Oracle Data Pump was written from the ground up with an architecture designed to produce high performance with maximum flexibility. Understanding the architecture of Data Pump will help us to take advantage of its speed and features.
Data Pump Architecture :
Master Table :
At the heart of every Data Pump operation is the master table. This is a table created in the schema of the user running a Data Pump job. It is a directory that maintains all details about the job: the current state of every object being exported or imported, the locations of those objects in the dumpfile set, the user-supplied parameters for the job, the status of every worker process, the current set of dump files, restart information, and so on. During a file-based export job, the master table is built during execution and written to the dumpfile set as the last step. Conversely, loading the master table into the current user’s schema is the first step of a file-based import operation, so that the master table can be used to sequence the creation of all objects imported. The use of the master table is the key to the ability of Data Pump to restart a job in the event of a planned or unplanned job stoppage. Because it maintains the status of every object to be processed by the job, Data Pump knows which objects were currently being worked on, and whether or not those objects were successfully completed.
Process Structure :
Process Structure : A Data Pump job comprises several processes. These processes are described in the order of their creation.
Client Process : This is the process that makes calls to the Data Pump API. Oracle Database ships four client utilities of this API. These have a very similar look and feel to the original exp and imp clients, but have many more capabilities.Data Pump is integrated into Oracle Database, a client is not required once a job is underway. Multiple clients may attach and detach from a job as necessary for monitoring and control.

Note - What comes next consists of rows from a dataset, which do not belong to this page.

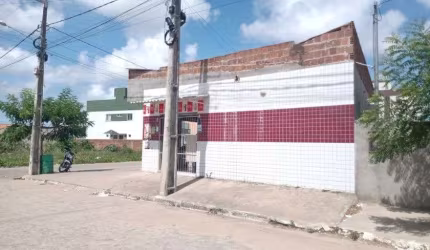 Prédio Comercial à venda, Gramame, João Pessoa - .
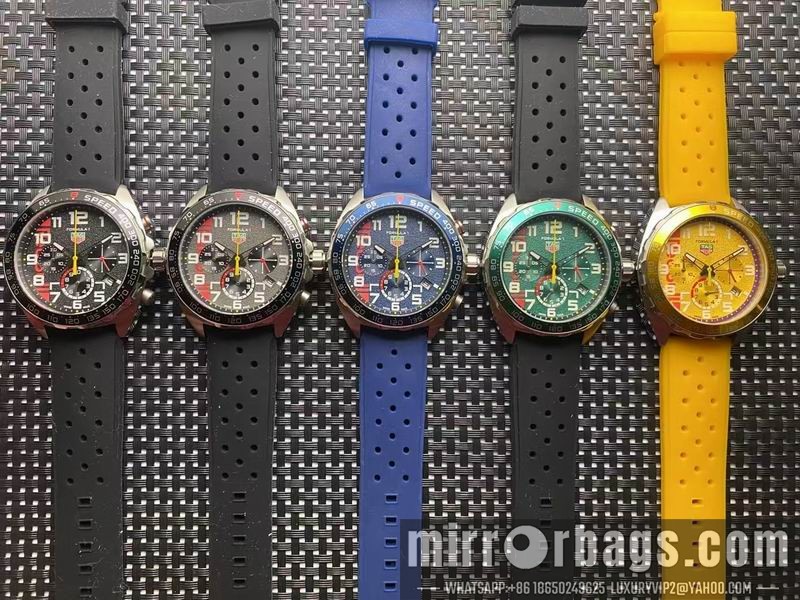Replica Tag Heuer 44mm 080540 Watch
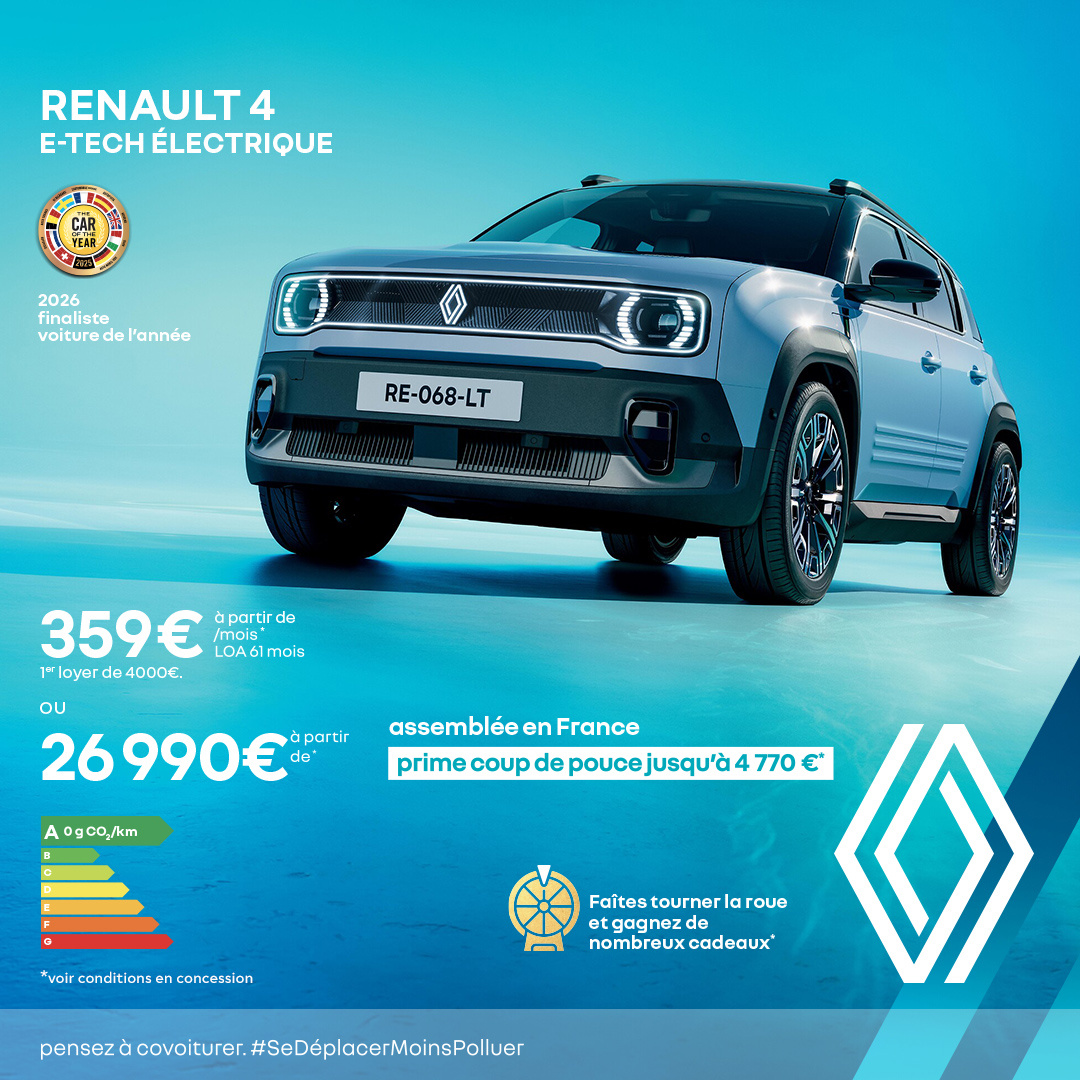 renault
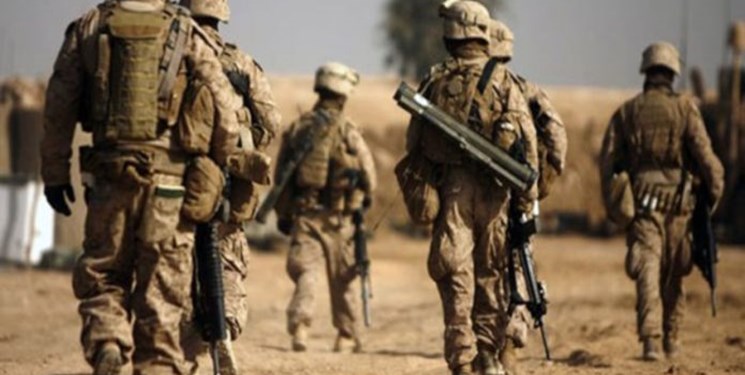 پیش‌نویس قانون اخراج نظامیان آمریکا در پارلمان عراق مطرح می‌شود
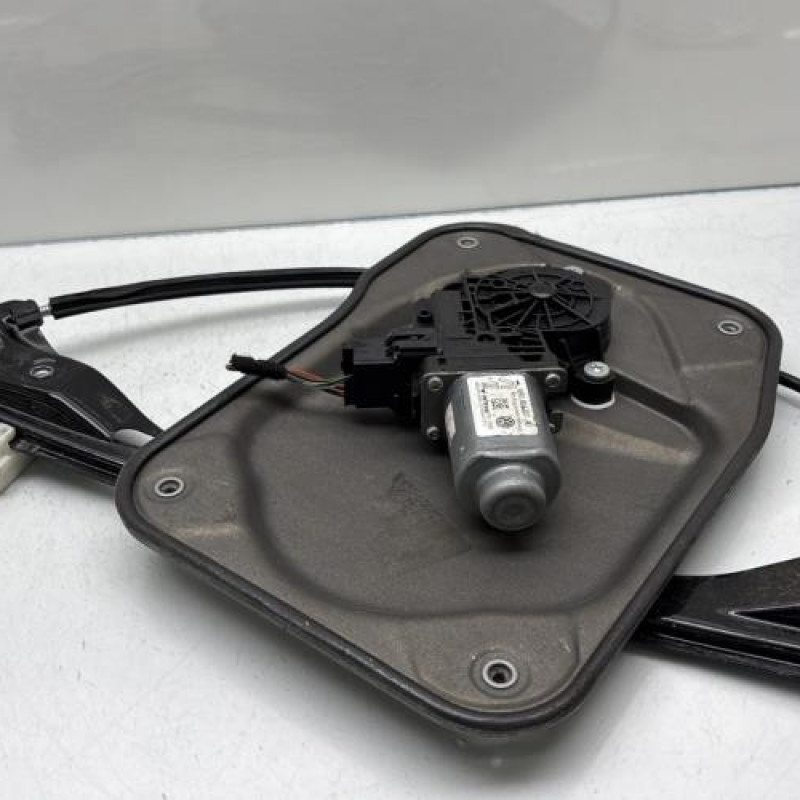 Leve vitre electrique avant gauche SKODA FABIA 2 Photo n°3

Shadow Process : This is the standard Oracle shadow (or foreground) process created when a client logs into Oracle Database. The shadow services Data Pump API requests.1 Upon receipt of a DBMS_DATAPUMP.OPEN request, the shadow process creates the job, which consists primarily of creating the master table, the Advanced Queuing (AQ) queues used for communication among the various processes, and the master control process. Once a job is running, the main task of the shadow process consists of servicing GET_STATUS requests from the client. If the client detaches, the shadow process also goes away.

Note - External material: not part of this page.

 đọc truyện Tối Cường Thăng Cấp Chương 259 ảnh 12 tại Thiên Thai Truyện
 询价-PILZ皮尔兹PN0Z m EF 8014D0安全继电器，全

Master Control Process (MCP) : As the name implies, the MCP controls the execution and sequencing of a Data Pump job. There is one MCP per Data Pump job, maintaining the job state, job description, restart, and dumpfile information in the master table. A job is divided into various phases of metadata and data unloading or loading, and the MCP hands out work requests to the worker processes appropriate for the current phase. The bulk of MCP processing is performed in this work dispatch loop. The MCP also performs central file management duties, maintaining the active dumpfile list and handing out file pieces as requested by processes unloading data or metadata. An MCP has a process name of the form: <instance>_DMnn_<pid>.

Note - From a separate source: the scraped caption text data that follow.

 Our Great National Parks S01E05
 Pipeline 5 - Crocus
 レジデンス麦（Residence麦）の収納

Worker Process : Upon receipt of a START_JOB request, the MCP creates worker processes as needed, according to the value of the PARALLEL parameter. The worker processes perform the tasks requested by the MCP (primarily unloading and loading of metadata and data), and maintain the object rows that make up the bulk of the master table. As database objects are unloaded or loaded, these rows are written and updated with the current status of these objects: pending, completed, failed, and so on. The worker processes also maintain type completion rows, which describe the type of object currently being worked on: tables, indexes, views, and so on. These types completion rows are used during restart. A worker process has a name of the form: ”*DWnn*”.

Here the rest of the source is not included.